« Filles de la mer » est un roman captivant et déchirant qui rappelle un épisode douloureux de l’histoire coréenne : celui des « femmes de réconfort » qui servirent d’esclaves sexuelles à l’armée japonaise pendant la Guerre quinze ans (1931-1945).
1943. L’île de Jeju, au sud de la Corée. Hana a vécu toute sa vie sous l’occupation japonaise. Elle appartient à la communauté haenyeo, au sein de laquelle ce sont les femmes qui font vivre leur famille en pêchant en apnée. Un jour, alors qu’Hana est en mer, elle aperçoit un soldat japonais qui se dirige vers sa petite sœur Emi. Craignant pour elle, Hana rejoint le rivage aussi vite qu’elle le peut et la sauve en se faisant enlever à sa place. Elle devient alors, comme des milliers d’autres Coréennes, une « femme de réconfort » en Mandchourie, une esclave sexuelle pour l’armée japonaise.
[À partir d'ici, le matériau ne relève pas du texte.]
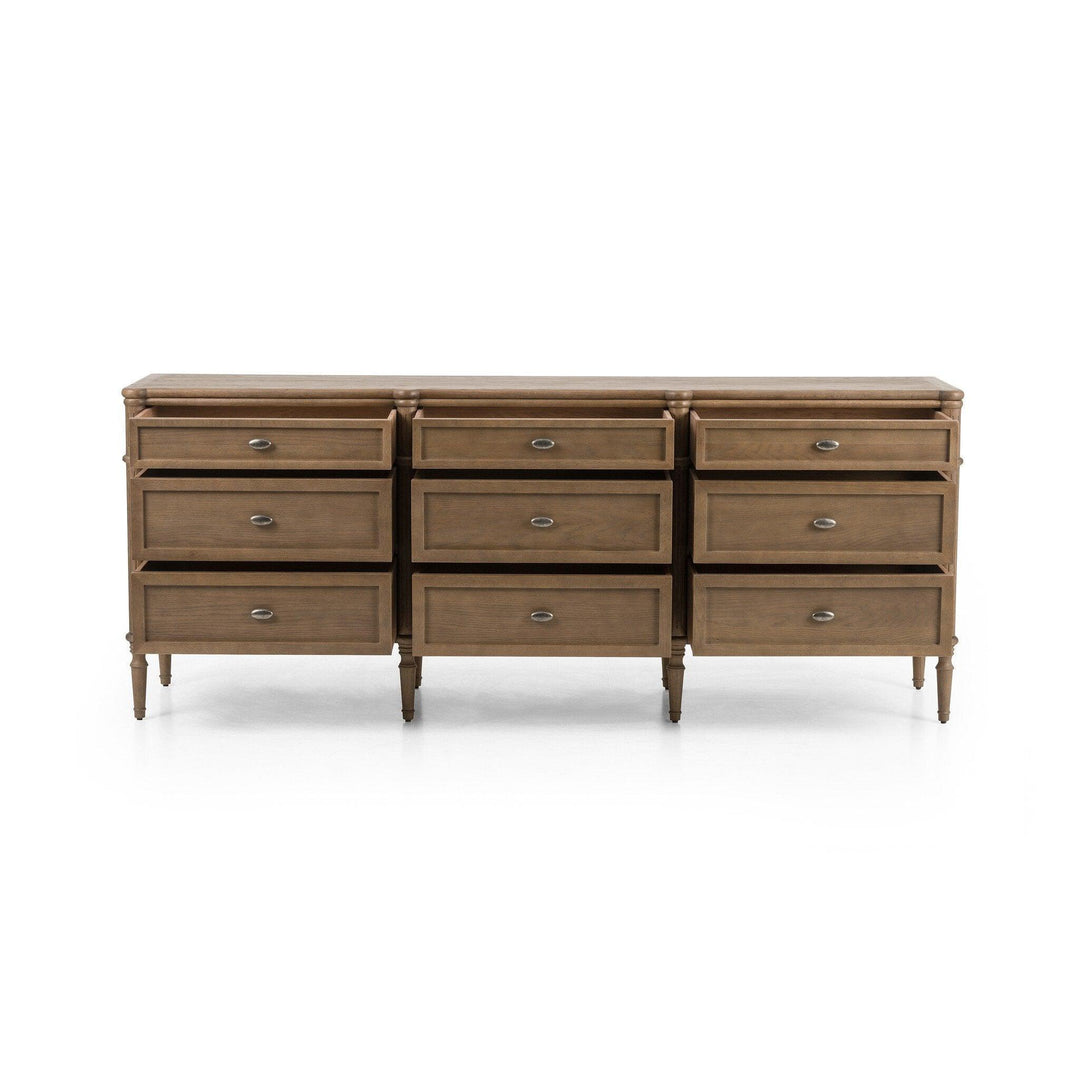 Toulouse 9 Drawer Dresser - SwayLiving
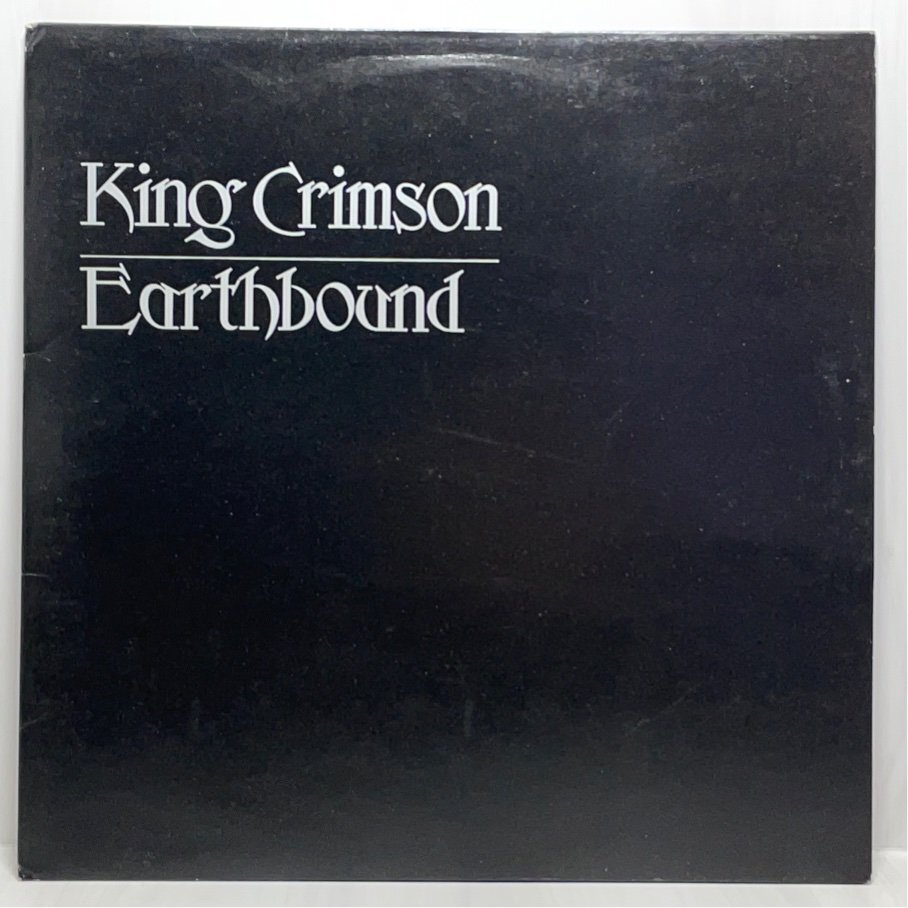 ☆洗浄済 King Crimson キング・クリムゾン Earthbound UK盤 HELP6 LPの画像1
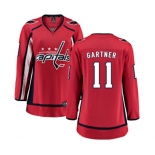 Women Washington Capitals #11 Mike Gartner Fanatics Branded Red Home Breakaway NHL Jersey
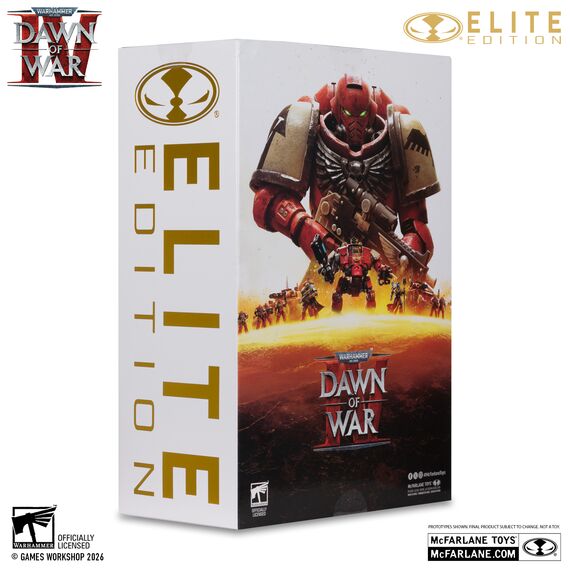 Figurka Warhammer 40k: Dawn of War IV McFarlane Elite Edition - Captain Cyrus- Zdjęcie 9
Ainsi commence l’histoire de deux sœurs violemment séparées. Alternant entre le récit d’Hana en 1943 et celui d’Emi en 2011, Filles de la mer se lit au rythme des vagues et dévoile un pan sombre et bouleversant de l’histoire de la Seconde Guerre mondiale en Asie : celui de ces dizaines de milliers de femmes et de filles réduites en l’esclavage par l’armée japonaise, celui de la guerre en Corée et des massacres des populations civiles.
Au fil de récit, Mary Lynn Bratch dresse le portrait de deux femmes fortes qui résistent, qui ne plient pas malgré les violences, les humiliations, la souffrance. La tension est palpable. Et pourtant, peut-être grâce aux liens indéfectibles qui unissent Hana et Emi, les deux héroïnes nous ramènent vers la lumière, où l’espoir triomphe des horreurs de la guerre.
Ce premier roman est fort ; il prend aux tripes. Il rend hommage à ces femmes coréennes qui ont été kidnappées, piégées ou vendues comme esclaves sexuelles pour et par l’armée japonaise durant la période de colonisation de la Corée par la Japon. Des historiens estiment qu’elles ont été entre 50 000 et 200 000 à connaître ce sort. Et pour celles qui ont survécu, elles ont gardé enfoui au plus profond d’elles-mêmes leur histoire. Car à l’époque la Corée était alors une société patriarcale fondée sur l’idéologie de Confucius, dans laquelle la pureté d’une femme était de la plus haute importance. Les survivantes ont été forcées de souffrir en silence. Beaucoup ont été victimes de problèmes de santé, de stress post-traumatique et de difficultés à réintégrer la société.
Il a fallu attendre quarante ans et les révélations de Kim Hak –sun (1925-1997) pour que l’histoire des « femmes de réconfort » éclate au grand jour. En août 1991, elle osa parler publiquement de sa jeunesse saccagée et de sa vie brisée, donnant à d’autres femmes le courage d’entamer une action en justice en décembre de la même année. Plus de deux cents « femmes de réconfort » se sont ensuite fait connaître. Elles ont pu témoigner de leur captivité, de leurs conditions de vie et de la manière dont elles sont parvenues à rentrer chez elle. Beaucoup de ces femmes sont mortes loin de chez elles et nombreuses sont les familles qui n’ont jamais su ce qui leur était arrivé.
Depuis janvier 1992, une manifestation a lieu chaque mercredi devant l’ambassade du Japon, à Séoul. Des victimes du système d’esclavage sexuel, des militants des droits humains, des étudiants et des personnes originaires du monde entier viennent y témoigner leur solidarité et soutenir les demandes de justice.
En décembre 2015, un accord a été trouvé entre la Corée du Sud et le Japon au sujet de ces femmes. Après des années de polémique, le gouvernement japonais de a accepté d’indemniser les 46 « femmes de réconfort » coréennes encore vivantes et a reconnu la responsabilité de l’Etat dans cette tragédie. Toutefois les victimes ont refusé cet accord élaboré sans elles. La plaie est toujours ouverte.
Mary Lynn Bratch, Filles de la mer, Pocket, 2019.